+++ Data +++

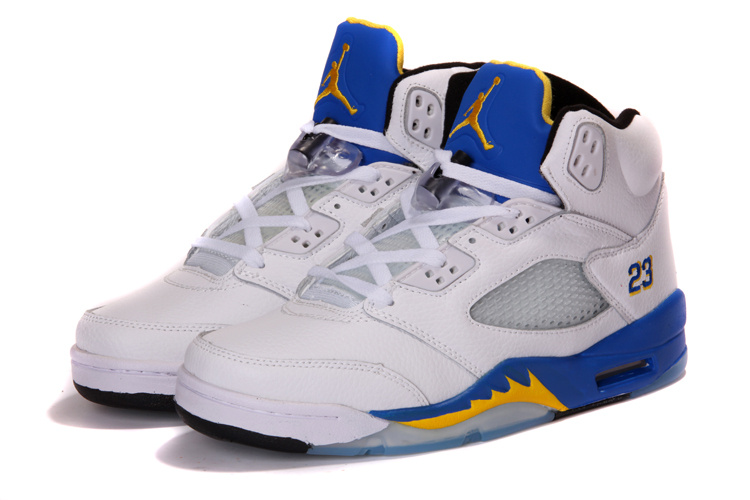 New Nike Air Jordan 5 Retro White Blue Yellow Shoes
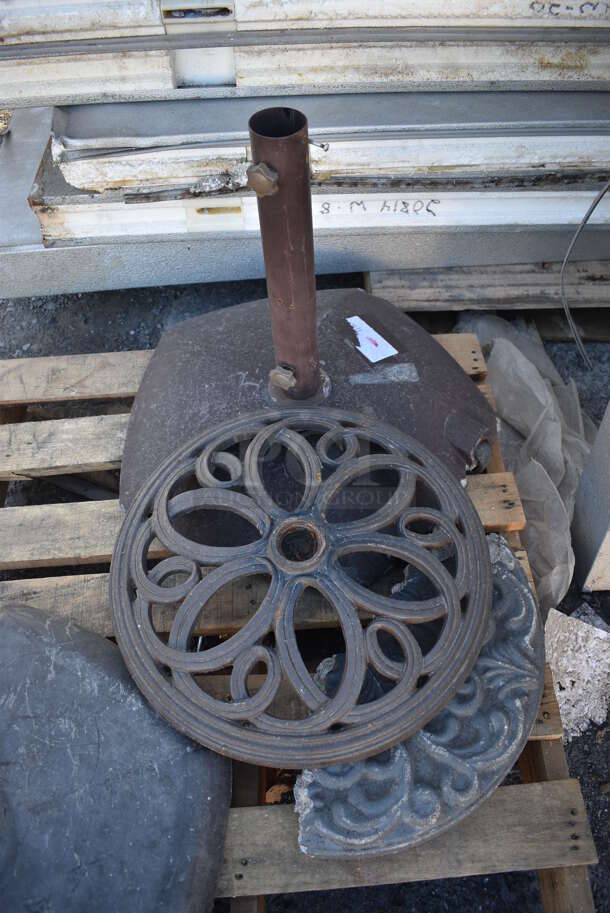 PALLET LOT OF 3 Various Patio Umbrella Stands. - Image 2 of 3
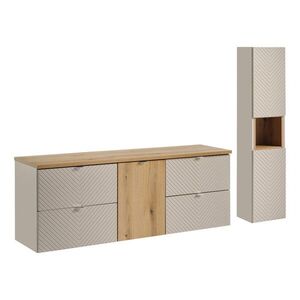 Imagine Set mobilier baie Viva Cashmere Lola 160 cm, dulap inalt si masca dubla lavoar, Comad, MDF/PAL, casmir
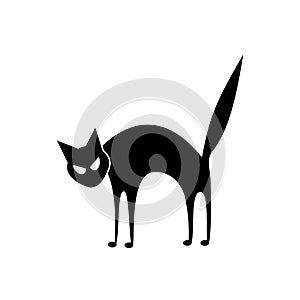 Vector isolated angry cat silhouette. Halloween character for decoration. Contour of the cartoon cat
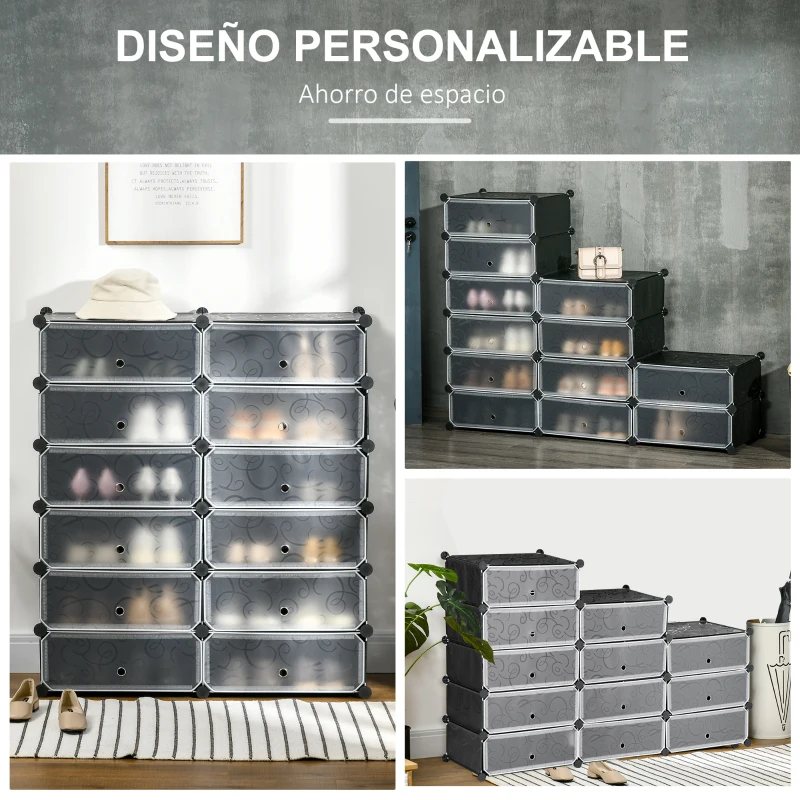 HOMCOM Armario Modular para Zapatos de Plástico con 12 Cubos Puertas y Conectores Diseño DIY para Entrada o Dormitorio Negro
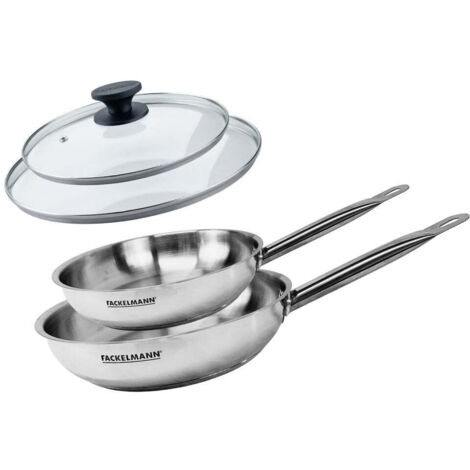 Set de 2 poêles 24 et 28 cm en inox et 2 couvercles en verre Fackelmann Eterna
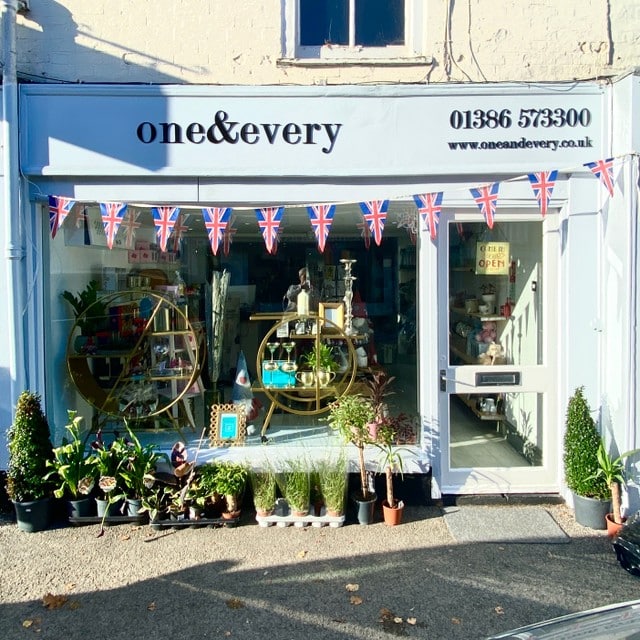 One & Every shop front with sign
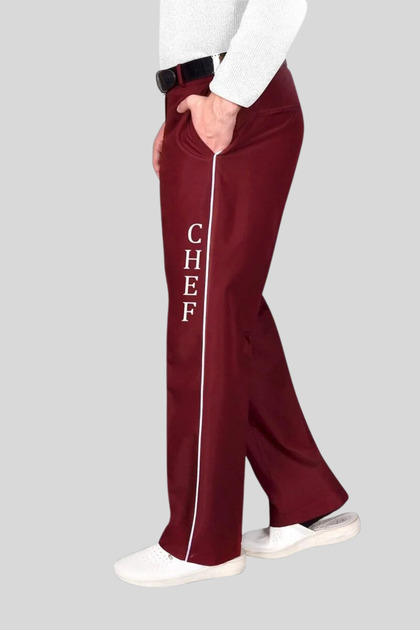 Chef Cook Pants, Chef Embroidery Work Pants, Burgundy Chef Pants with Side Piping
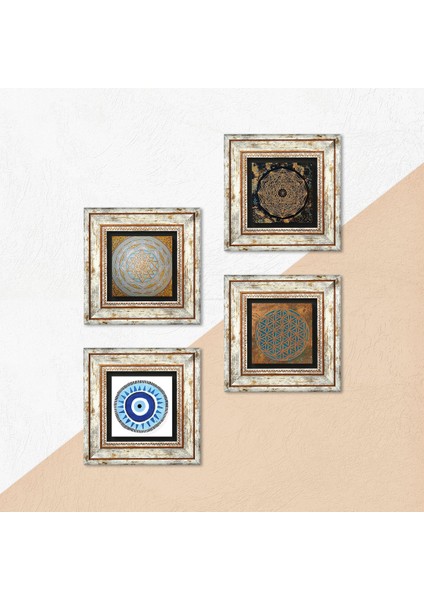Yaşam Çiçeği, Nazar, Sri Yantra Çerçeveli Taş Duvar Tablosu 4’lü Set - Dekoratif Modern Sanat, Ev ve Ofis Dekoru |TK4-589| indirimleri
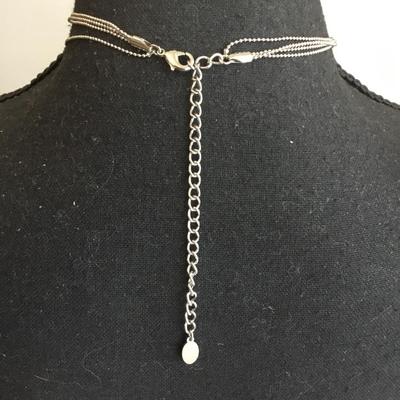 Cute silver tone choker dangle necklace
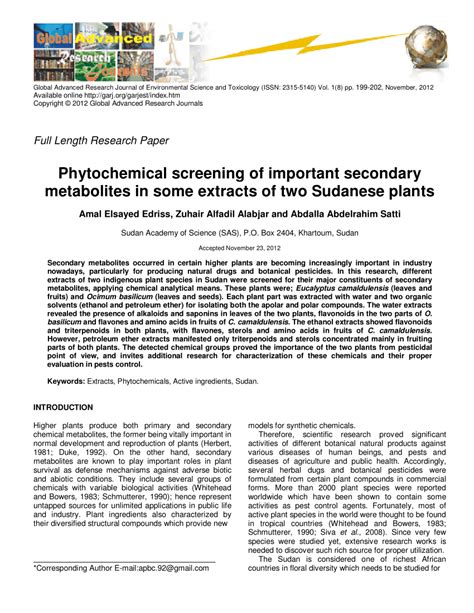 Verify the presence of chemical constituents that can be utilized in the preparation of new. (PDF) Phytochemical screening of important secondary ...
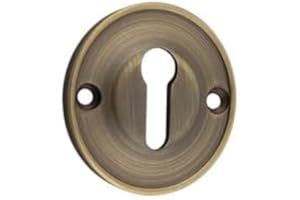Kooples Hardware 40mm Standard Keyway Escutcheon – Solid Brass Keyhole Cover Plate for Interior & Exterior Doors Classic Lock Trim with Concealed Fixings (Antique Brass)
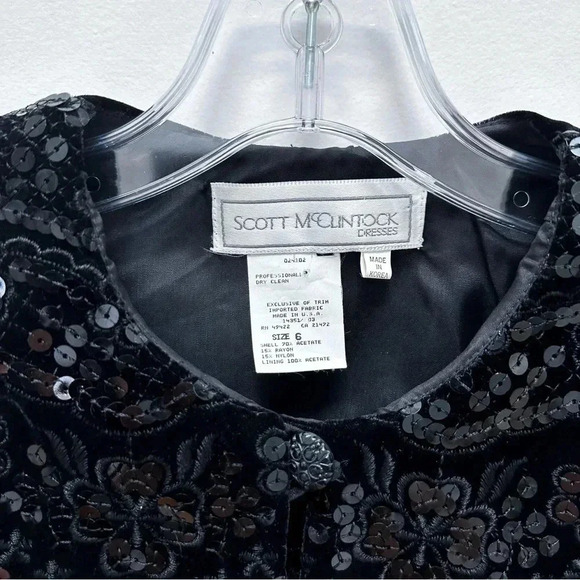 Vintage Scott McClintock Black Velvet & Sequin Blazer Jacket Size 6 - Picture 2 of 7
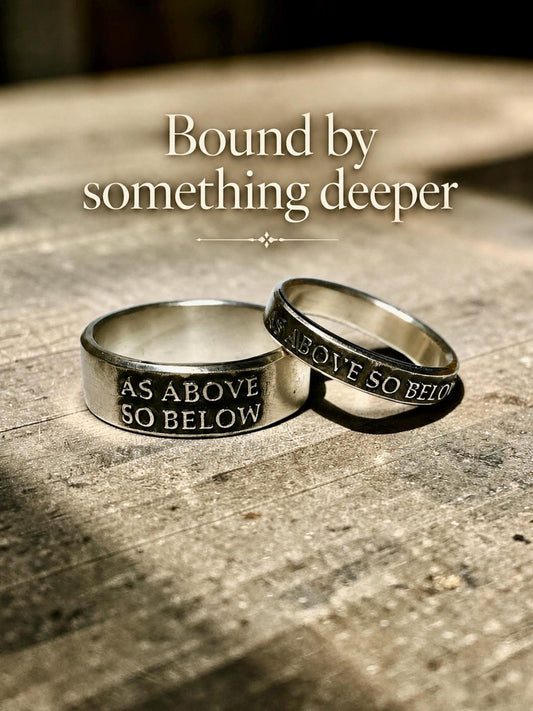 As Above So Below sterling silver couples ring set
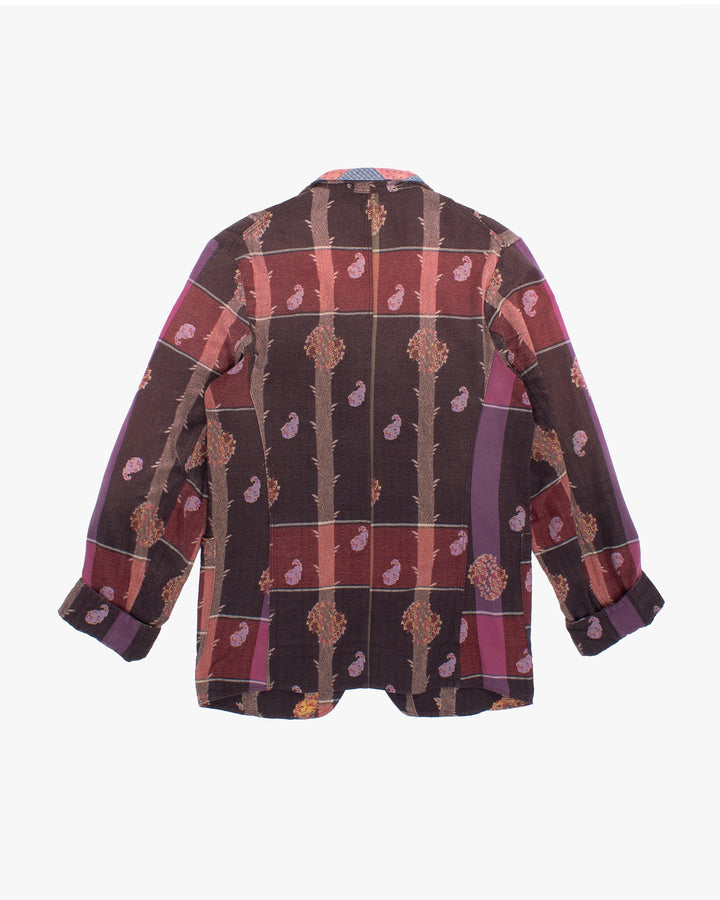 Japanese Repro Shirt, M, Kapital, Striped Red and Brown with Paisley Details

+++

Repeat only the stretch of data above that runs from the line with "HOMCOM Armario Modular" to the line with "One & Every shop front with sign". Keep both end lines; exclude pictures.

 HOMCOM Armario Modular para Zapatos de Plástico con 12 Cubos Puertas y Conectores Diseño DIY para Entrada o Dormitorio Negro
 Set de 2 poêles 24 et 28 cm en inox et 2 couvercles en verre Fackelmann Eterna
 One & Every shop front with sign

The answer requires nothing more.